Encoding troubles, wait, your ANSI file is not the same as my ANSI file

Last week we made a utility for the release team to convert all the t-sql script files from any encoding to ANSI. Now we convert any encoding to Unicode, but the original request was to use ANSI encoding.

The .NET code we used basically opens with a StreamReader that detects encoding, opens a StreamWriter to a new file with Encoding.Default (now Encoding.Unicode) and writes the content read by the StreamReader.

The problem started when some developers submitted files saved with ANSI encoding. The tool always detected the encoding as US-ASCII, which has only 7 bits for character representation, while the file had accented letters that were lost in the conversion.

I was blaming StreamReader for not detecting the encoding properly until I found the article below on http://weblogs.asp.net/ahoffman/archive/2004/01/19/60094.aspx

A question posted on the Australian DOTNET Developer Mailing List …

Im having a character encoding problem that surprises me. In my C# code I have a string ” 2004″ (thats a copyright/space/2/0/0/4). When I convert this string to bytes using the ASCIIEncoding.GetBytes method I get (in hex):

3F 20 32 30 30 34

The first character (the copyright) is converted into a literal ‘?’ question mark. I need to get the result 0xA92032303034, which has 0xA9 for the copyright, just as happens when the text is saved in notepad

An ASCII encoding provides for 7 bit characters and therefore only supports the first 128 unicode characters. All characters outside that range will display an unknown symbol – typically a “?” (0x3f) or “|” (0x7f) symbol.

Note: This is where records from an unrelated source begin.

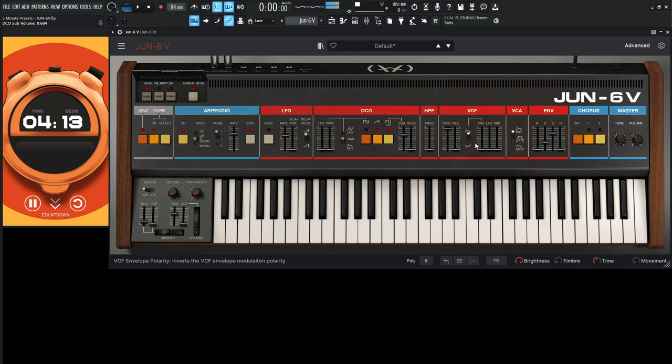And let's change our envelope a little bit, take the sustain all the way down. A little release, maybe a little bit of sustain.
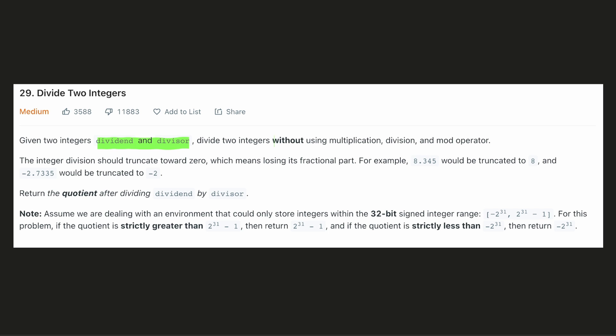In this question we are given a dividend and a divisor and we have to perform the division operation without using multiplication, division or the mod operator. We also have to get rid of the fractional part in the output and avoid some integer overflows.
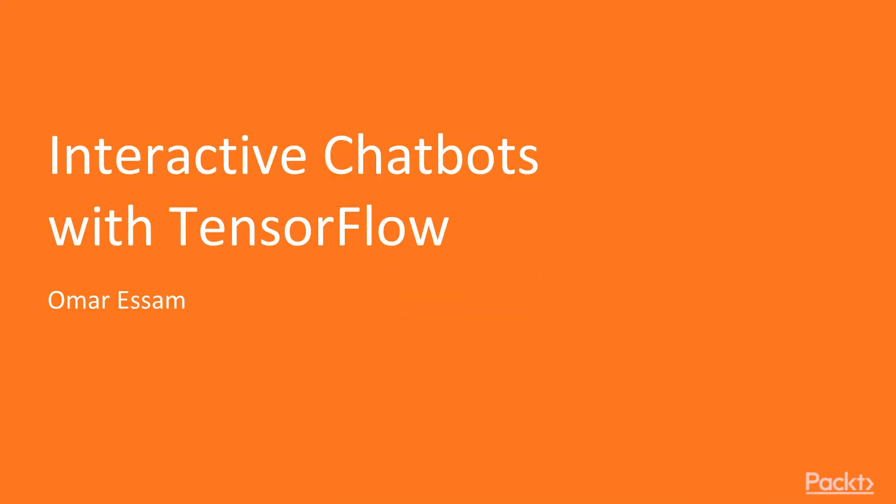Hello, welcome to interactive chatbots using TensorFlow. I am Omar Essam. This course is in association with Packt Publishing.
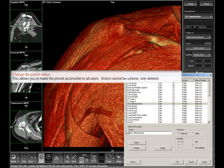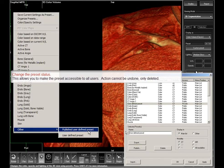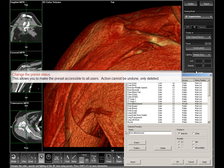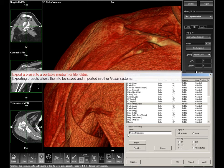In order to make a custom preset public — that is, available to other users — you can select Publish. This will move your private custom preset to the public list, visible for all other users. It is not possible to republish a custom preset, only delete it.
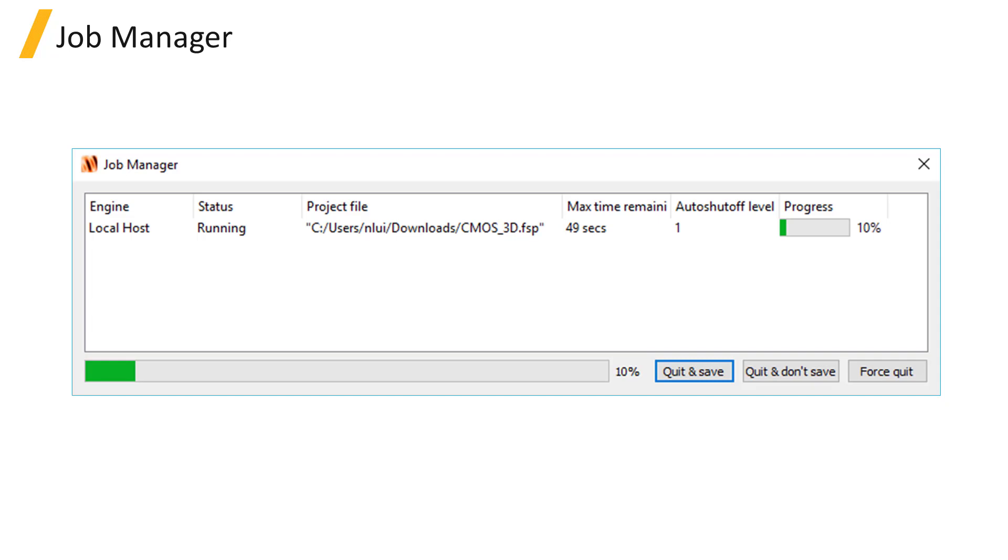Force Quit kills the simulation and doesn't save any data. This option is not recommended since it may not properly release the license, so some time needs to elapse for the license to be released before another job can be run using that license. It should only be used if the Quit and Save and Quit and Don't Save options aren't working properly.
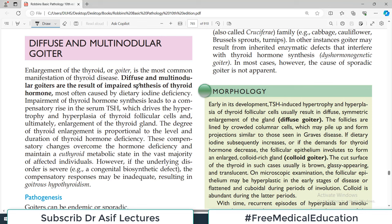Hello everyone and welcome back to my playlist of pathology. We are doing pathology of the endocrine system, chapter 20. Today's topic is going to be diffuse and multinodular goiter, and this is in context with the discussions on hypothyroidism and hyperthyroidism that we did in the previous videos.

That explains the first byte returned using ASCIIEncoding.GetBytes()

> 3F 20 32 30 30 34

What your trying to achieve is an ANSI encoding of the string. To get an ANSI encoding you need to specify a “code page” which prescribes the characters from 128 on up. For example, the following code will produce the result you expect…

string s = ” 2004″;
Encoding targetEncoding = Encoding.GetEncoding(1252);
foreach (byte b in targetEncoding.GetBytes(s))
Console.Write(“{0:x} “, b);

> a9 20 32 30 30 34

1252 represents the code page for Western European (Windows) which is probably what your using (Encoding.Default.EncodingName). Specifying a different code page say for Simplified Chinese (54936) will produce a different result.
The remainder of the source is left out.